Years after removing the option, Twitter announced in November that it will bring back its public verification system next year. The company provided a draft of its new policy related to verification, doing so in an effort to get feedback. In light of the response, Twitter is now back with details on how to get verified — or keep your verification if you already have it.
Verification on Twitter had proven controversial, in some cases resulting in bickering between celebrities and the general public. Though Twitter has continued to verify some users internally based on its own criteria, it hasn’t offered the public option of applying for verification in a few years.
That will change starting early next year, but that doesn’t necessarily mean you’ll be able to get your account verified. The company has published its new verification policy, explaining that initially, at least, it will have select titles like ‘News and Journalists,’ ‘Sports and esports,’ and similar. A future update may add additional categories like scientists and academics.
Generally speaking, Twitter says that your account must be ‘notable’ if you hope to get the blue checkmark.
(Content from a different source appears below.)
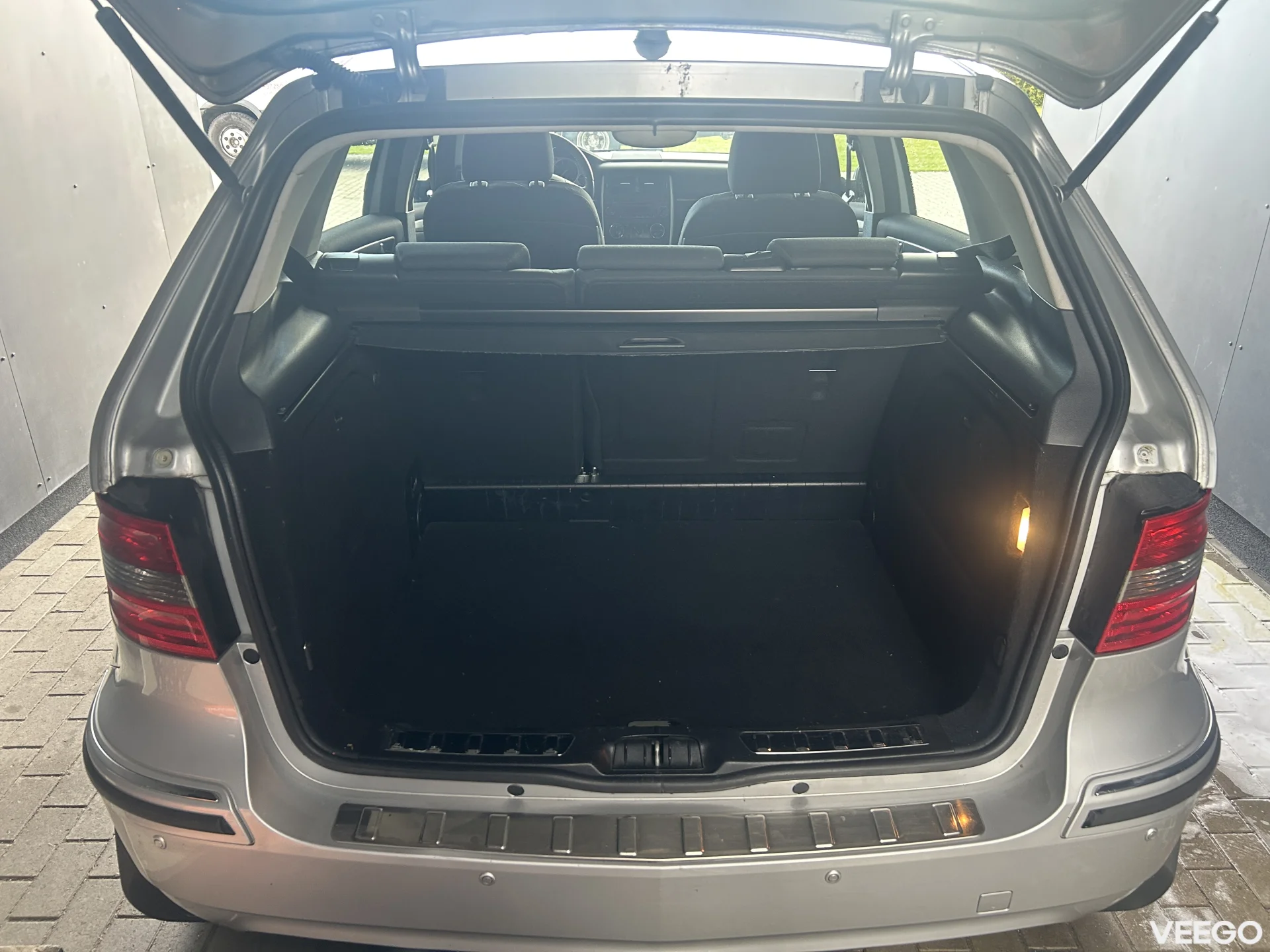 Mercedes-Benz B180 1.7 85kW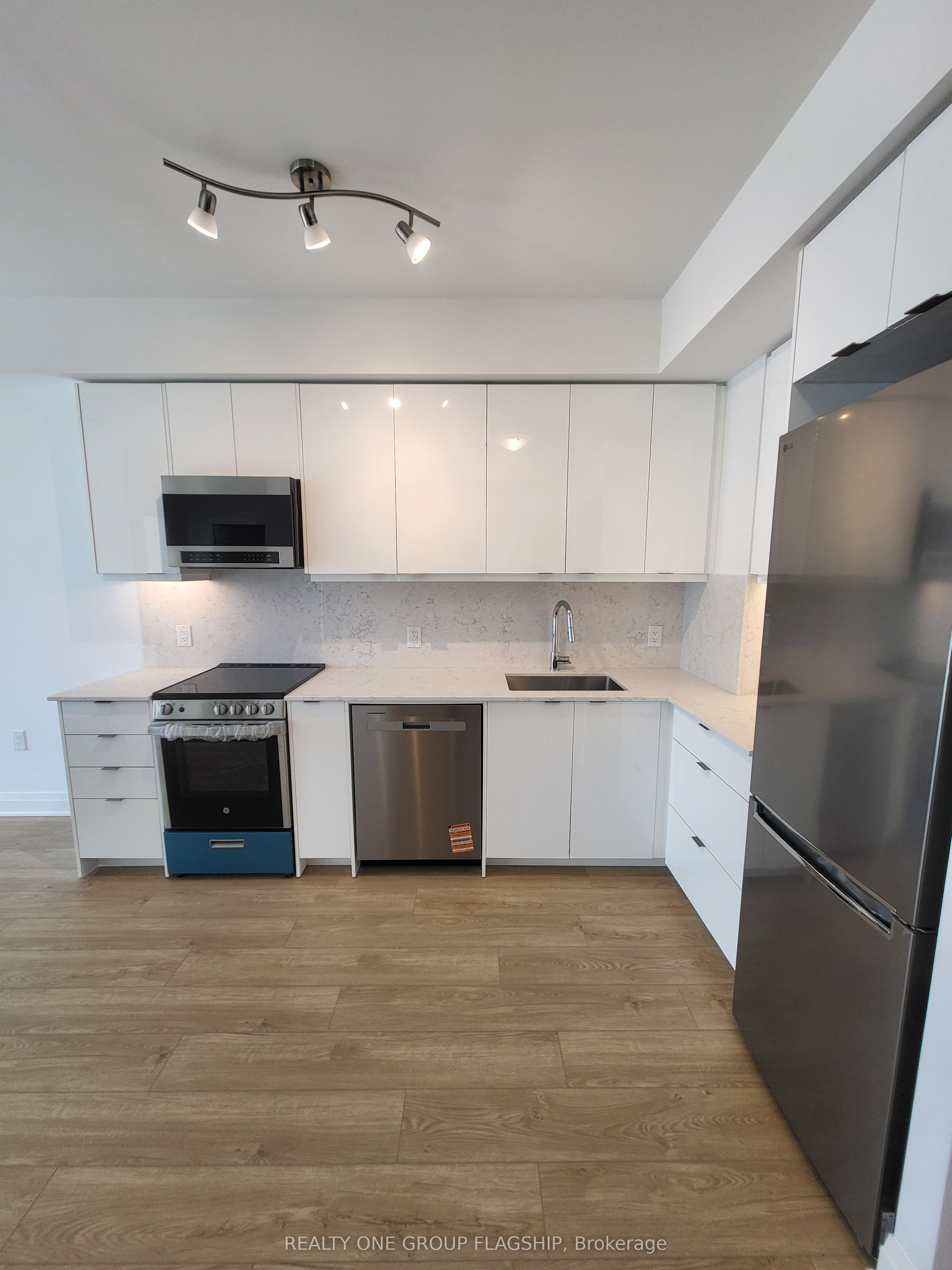 700 W Sheppard Avenue W 618 Property Photo 9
This can include things like accounts belonging to government offices and officials, corporations and brands, organizations, journalists, news organizations, accounts associated with ‘major entertainment companies,’ professional sports players and leagues, and similar.
In addition to meeting the minimum requirements for whatever category your account may fall under, you also need a ‘complete’ profile, which means you must have, at minimum, a profile image, display name, and a verified email address or phone number. Currently verified accounts that do not meet these requirements may lose their verification next month.
The enforcement of the new policy will kick off on January 20, 2021, with inactive accounts also at risk of losing their verification. Assuming you want to get your own blue checkmark, you’ll need to head into Account Settings and access the application system. Supporting materials, confirmation of identity, and similar will be required.